### SOURCE INFORMATION
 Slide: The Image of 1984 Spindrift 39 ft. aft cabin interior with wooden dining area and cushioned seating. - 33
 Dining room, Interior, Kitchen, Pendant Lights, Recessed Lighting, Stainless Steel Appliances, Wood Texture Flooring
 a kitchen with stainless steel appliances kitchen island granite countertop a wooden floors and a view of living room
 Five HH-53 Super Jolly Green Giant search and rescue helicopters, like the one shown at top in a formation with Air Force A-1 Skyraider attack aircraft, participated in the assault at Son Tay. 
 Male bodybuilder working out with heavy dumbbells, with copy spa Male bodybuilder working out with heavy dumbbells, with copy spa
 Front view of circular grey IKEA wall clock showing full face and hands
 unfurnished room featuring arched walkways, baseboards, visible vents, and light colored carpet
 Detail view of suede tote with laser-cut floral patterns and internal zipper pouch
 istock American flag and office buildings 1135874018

* * *

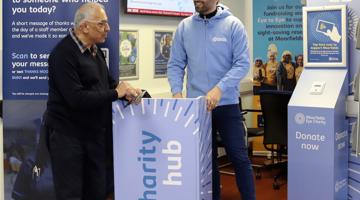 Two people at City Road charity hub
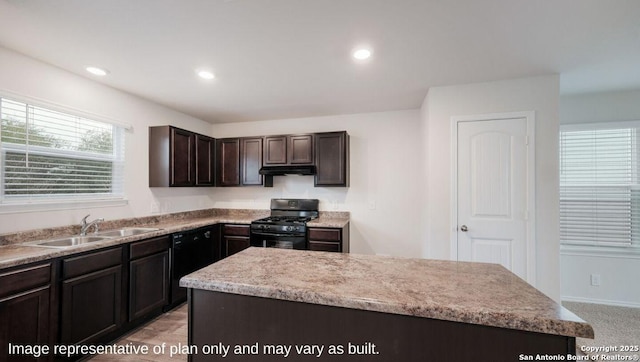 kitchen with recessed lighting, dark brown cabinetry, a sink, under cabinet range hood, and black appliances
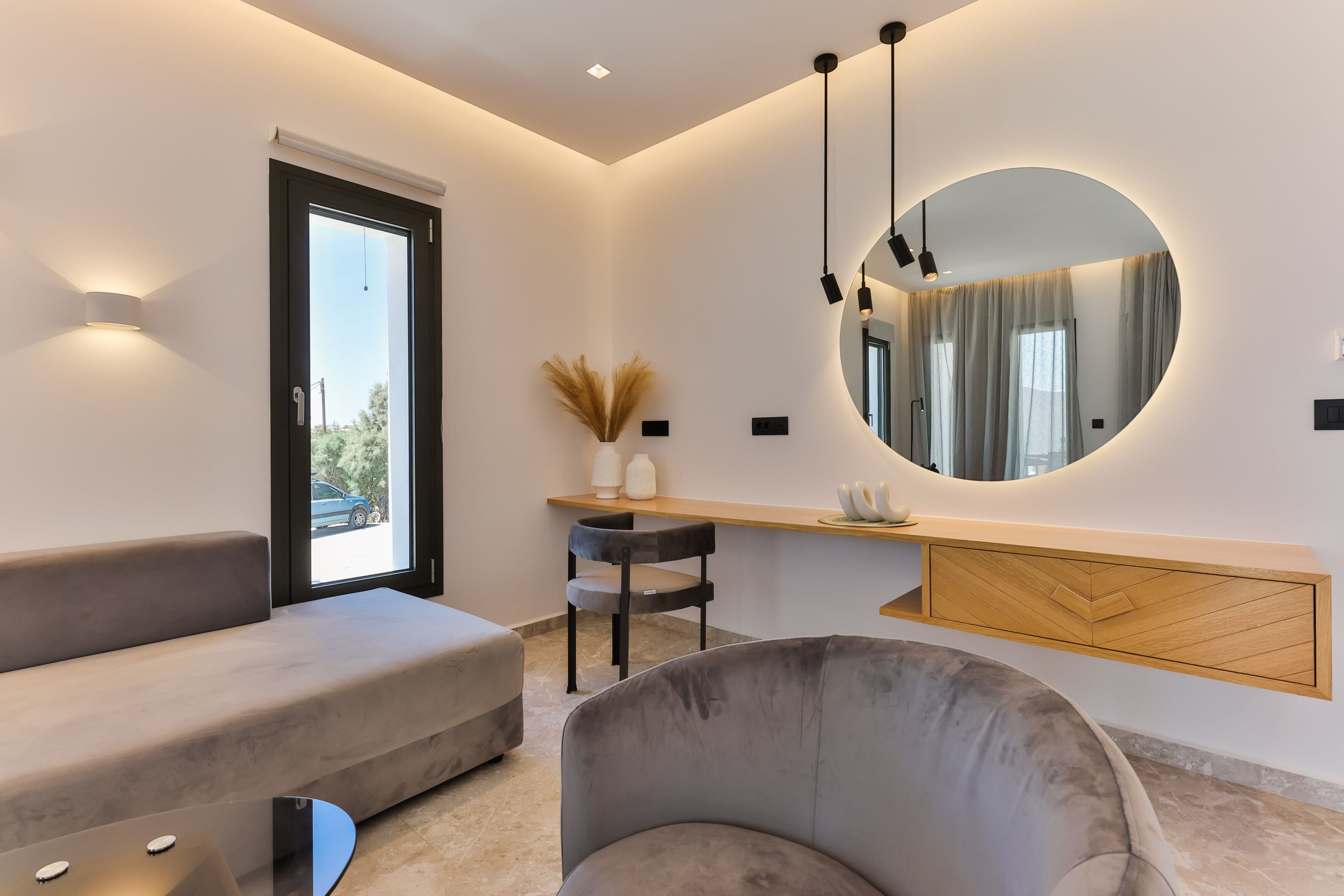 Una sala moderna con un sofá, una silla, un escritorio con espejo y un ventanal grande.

### TASK TO COMPLETE
In the material above, locate the line containing "Slide: The Image" and the line containing "istock American flag". Transcribe exactly those two lines and every line between them, and nothing more.

### OUTPUT FOR THIS TASK
 Slide: The Image of 1984 Spindrift 39 ft. aft cabin interior with wooden dining area and cushioned seating. - 33
 Dining room, Interior, Kitchen, Pendant Lights, Recessed Lighting, Stainless Steel Appliances, Wood Texture Flooring
 a kitchen with stainless steel appliances kitchen island granite countertop a wooden floors and a view of living room
 Five HH-53 Super Jolly Green Giant search and rescue helicopters, like the one shown at top in a formation with Air Force A-1 Skyraider attack aircraft, participated in the assault at Son Tay. 
 Male bodybuilder working out with heavy dumbbells, with copy spa Male bodybuilder working out with heavy dumbbells, with copy spa
 Front view of circular grey IKEA wall clock showing full face and hands
 unfurnished room featuring arched walkways, baseboards, visible vents, and light colored carpet
 Detail view of suede tote with laser-cut floral patterns and internal zipper pouch
 istock American flag and office buildings 1135874018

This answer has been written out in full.